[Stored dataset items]
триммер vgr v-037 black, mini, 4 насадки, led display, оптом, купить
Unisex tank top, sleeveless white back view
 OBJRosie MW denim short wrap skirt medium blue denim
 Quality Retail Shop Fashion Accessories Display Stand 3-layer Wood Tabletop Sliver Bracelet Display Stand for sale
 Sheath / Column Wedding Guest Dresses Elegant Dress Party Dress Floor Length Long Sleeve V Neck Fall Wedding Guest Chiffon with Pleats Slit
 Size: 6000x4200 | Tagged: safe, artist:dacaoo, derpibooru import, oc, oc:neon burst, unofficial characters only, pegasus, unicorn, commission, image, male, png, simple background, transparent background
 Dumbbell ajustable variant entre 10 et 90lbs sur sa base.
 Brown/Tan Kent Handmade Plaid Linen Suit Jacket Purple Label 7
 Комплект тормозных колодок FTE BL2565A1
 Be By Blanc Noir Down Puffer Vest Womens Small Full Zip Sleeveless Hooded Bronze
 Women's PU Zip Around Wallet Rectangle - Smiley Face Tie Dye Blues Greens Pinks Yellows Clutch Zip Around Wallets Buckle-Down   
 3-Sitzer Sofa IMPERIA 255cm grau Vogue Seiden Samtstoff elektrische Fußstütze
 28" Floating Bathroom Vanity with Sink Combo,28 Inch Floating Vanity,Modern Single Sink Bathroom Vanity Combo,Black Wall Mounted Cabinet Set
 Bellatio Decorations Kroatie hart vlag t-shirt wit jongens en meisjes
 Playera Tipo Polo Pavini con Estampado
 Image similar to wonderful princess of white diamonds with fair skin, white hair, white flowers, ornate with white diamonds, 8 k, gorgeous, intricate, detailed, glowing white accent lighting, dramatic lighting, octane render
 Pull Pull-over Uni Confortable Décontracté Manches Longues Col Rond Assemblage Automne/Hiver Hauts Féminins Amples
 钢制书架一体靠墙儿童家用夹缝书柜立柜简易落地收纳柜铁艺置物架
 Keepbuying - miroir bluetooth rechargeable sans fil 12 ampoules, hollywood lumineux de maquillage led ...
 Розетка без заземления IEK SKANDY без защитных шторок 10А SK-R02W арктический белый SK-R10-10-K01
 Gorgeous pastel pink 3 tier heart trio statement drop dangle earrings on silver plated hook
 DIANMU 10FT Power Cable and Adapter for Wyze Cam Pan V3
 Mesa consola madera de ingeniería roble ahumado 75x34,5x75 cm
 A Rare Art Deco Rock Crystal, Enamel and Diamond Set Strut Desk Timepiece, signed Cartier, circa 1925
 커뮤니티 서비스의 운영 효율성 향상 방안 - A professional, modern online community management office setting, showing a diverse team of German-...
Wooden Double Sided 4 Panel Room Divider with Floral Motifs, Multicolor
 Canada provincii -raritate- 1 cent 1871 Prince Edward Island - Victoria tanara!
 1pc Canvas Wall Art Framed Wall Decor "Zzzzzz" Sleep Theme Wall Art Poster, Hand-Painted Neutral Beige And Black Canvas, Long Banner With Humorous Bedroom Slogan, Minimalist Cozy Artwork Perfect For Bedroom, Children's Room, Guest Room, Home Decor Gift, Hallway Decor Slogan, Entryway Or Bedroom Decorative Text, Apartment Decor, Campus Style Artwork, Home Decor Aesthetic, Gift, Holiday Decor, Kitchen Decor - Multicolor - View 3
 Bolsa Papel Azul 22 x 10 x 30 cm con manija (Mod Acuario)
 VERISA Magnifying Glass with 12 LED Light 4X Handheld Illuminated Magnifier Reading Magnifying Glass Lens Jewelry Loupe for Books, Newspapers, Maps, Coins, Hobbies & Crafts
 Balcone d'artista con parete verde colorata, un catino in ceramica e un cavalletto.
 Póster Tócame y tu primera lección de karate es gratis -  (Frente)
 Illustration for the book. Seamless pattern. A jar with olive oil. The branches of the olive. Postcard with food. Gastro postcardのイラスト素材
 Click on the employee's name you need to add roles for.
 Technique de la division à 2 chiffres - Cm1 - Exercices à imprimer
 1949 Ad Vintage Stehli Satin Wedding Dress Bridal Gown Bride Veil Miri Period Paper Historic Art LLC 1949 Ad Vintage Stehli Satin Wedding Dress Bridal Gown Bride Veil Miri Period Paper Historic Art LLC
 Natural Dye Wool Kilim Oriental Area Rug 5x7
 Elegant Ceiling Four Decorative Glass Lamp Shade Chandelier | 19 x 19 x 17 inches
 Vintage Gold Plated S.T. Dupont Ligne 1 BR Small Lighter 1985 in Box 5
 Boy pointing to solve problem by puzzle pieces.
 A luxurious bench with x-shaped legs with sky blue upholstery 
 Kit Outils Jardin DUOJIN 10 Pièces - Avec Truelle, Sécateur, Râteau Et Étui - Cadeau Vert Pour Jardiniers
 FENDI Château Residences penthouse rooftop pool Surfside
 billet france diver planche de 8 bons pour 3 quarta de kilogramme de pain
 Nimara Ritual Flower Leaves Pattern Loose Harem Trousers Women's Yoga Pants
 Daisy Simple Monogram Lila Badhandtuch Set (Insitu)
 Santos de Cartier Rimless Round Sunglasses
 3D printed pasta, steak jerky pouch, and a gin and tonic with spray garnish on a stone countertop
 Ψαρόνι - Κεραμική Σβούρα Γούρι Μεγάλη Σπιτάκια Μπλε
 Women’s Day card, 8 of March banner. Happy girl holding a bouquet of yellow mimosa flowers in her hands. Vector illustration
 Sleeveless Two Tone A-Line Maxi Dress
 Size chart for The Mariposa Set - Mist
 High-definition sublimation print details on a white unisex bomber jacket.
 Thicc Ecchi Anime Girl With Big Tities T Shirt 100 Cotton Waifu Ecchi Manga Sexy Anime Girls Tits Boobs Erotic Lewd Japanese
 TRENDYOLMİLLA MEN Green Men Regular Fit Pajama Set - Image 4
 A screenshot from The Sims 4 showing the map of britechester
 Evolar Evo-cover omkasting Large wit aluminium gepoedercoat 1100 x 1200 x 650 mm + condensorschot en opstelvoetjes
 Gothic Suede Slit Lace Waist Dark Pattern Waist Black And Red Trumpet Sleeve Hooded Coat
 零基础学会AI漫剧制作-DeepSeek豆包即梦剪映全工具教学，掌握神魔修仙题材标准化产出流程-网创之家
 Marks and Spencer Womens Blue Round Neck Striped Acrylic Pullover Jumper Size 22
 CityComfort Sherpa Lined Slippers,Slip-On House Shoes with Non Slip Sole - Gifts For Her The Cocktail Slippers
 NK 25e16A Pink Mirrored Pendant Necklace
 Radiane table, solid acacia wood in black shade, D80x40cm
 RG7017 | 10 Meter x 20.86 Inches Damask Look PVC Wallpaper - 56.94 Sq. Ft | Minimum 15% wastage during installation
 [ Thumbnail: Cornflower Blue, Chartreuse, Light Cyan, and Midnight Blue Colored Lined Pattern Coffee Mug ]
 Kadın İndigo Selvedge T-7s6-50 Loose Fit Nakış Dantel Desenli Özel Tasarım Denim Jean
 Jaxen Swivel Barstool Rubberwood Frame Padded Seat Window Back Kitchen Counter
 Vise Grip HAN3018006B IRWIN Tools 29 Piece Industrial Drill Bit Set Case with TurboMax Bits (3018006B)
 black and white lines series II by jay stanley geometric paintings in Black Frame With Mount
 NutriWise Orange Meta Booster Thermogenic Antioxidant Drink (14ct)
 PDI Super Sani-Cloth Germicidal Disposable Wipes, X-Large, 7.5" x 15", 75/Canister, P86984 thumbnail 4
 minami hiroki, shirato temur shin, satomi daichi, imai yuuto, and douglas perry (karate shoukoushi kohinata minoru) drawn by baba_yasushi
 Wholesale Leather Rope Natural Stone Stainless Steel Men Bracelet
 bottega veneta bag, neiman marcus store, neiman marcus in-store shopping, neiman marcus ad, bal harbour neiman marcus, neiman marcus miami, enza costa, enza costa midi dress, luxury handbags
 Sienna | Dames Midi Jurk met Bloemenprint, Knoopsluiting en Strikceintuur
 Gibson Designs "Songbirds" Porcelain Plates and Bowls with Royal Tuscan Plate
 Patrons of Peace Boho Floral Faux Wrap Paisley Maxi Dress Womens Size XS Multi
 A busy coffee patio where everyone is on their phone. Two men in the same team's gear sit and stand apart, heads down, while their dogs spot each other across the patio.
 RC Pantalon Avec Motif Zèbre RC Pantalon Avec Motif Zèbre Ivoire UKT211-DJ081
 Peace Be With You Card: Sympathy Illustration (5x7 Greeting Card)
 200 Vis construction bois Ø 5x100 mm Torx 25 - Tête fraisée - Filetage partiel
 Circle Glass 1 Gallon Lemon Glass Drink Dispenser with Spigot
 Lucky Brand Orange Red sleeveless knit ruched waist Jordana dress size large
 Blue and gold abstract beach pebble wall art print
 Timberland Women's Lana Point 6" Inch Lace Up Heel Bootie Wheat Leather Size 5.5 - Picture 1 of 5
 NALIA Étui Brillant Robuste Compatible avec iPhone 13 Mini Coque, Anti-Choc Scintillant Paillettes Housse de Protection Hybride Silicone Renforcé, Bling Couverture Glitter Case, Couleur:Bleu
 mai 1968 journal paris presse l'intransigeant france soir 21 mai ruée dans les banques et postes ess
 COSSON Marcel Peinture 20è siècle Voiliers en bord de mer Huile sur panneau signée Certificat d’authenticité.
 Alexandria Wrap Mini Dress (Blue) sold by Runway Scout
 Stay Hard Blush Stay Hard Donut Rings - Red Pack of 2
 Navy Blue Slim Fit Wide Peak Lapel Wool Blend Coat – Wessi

» **Exercise**: Repeat exactly the lines above from the one with "Canada provincii -raritate- 1" up to and including the one with "Elegant Ceiling Four". No other line belongs in the reply.

» **Reply**:
 Canada provincii -raritate- 1 cent 1871 Prince Edward Island - Victoria tanara!
 1pc Canvas Wall Art Framed Wall Decor "Zzzzzz" Sleep Theme Wall Art Poster, Hand-Painted Neutral Beige And Black Canvas, Long Banner With Humorous Bedroom Slogan, Minimalist Cozy Artwork Perfect For Bedroom, Children's Room, Guest Room, Home Decor Gift, Hallway Decor Slogan, Entryway Or Bedroom Decorative Text, Apartment Decor, Campus Style Artwork, Home Decor Aesthetic, Gift, Holiday Decor, Kitchen Decor - Multicolor - View 3
 Bolsa Papel Azul 22 x 10 x 30 cm con manija (Mod Acuario)
 VERISA Magnifying Glass with 12 LED Light 4X Handheld Illuminated Magnifier Reading Magnifying Glass Lens Jewelry Loupe for Books, Newspapers, Maps, Coins, Hobbies & Crafts
 Balcone d'artista con parete verde colorata, un catino in ceramica e un cavalletto.
 Póster Tócame y tu primera lección de karate es gratis -  (Frente)
 Illustration for the book. Seamless pattern. A jar with olive oil. The branches of the olive. Postcard with food. Gastro postcardのイラスト素材
 Click on the employee's name you need to add roles for.
 Technique de la division à 2 chiffres - Cm1 - Exercices à imprimer
 1949 Ad Vintage Stehli Satin Wedding Dress Bridal Gown Bride Veil Miri Period Paper Historic Art LLC 1949 Ad Vintage Stehli Satin Wedding Dress Bridal Gown Bride Veil Miri Period Paper Historic Art LLC
 Natural Dye Wool Kilim Oriental Area Rug 5x7
 Elegant Ceiling Four Decorative Glass Lamp Shade Chandelier | 19 x 19 x 17 inches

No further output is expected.